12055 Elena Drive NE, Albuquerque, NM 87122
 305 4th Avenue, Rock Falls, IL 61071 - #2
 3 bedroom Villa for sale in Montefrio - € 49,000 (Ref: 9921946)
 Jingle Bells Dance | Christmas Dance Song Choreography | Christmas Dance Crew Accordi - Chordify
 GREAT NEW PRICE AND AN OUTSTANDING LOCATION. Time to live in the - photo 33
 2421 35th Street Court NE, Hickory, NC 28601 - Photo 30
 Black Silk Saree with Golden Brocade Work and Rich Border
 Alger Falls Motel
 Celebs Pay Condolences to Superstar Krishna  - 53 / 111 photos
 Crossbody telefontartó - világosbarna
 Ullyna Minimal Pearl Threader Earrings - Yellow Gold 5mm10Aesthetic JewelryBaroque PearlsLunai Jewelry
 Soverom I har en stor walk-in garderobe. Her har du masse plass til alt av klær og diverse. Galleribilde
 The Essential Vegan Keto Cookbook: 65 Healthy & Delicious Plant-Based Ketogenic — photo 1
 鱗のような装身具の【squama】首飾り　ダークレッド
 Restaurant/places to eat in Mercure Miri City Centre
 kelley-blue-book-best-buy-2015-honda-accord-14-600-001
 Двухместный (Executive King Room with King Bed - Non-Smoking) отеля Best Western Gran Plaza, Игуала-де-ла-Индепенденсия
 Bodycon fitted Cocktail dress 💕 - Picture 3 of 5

→ Work required: Given the data above, transcribe exactly the lines from the one containing "Celebs Pay Condolences" down to the one containing "Restaurant/places to eat", and no others.

→ Solution:
 Celebs Pay Condolences to Superstar Krishna  - 53 / 111 photos
 Crossbody telefontartó - világosbarna
 Ullyna Minimal Pearl Threader Earrings - Yellow Gold 5mm10Aesthetic JewelryBaroque PearlsLunai Jewelry
 Soverom I har en stor walk-in garderobe. Her har du masse plass til alt av klær og diverse. Galleribilde
 The Essential Vegan Keto Cookbook: 65 Healthy & Delicious Plant-Based Ketogenic — photo 1
 鱗のような装身具の【squama】首飾り　ダークレッド
 Restaurant/places to eat in Mercure Miri City Centre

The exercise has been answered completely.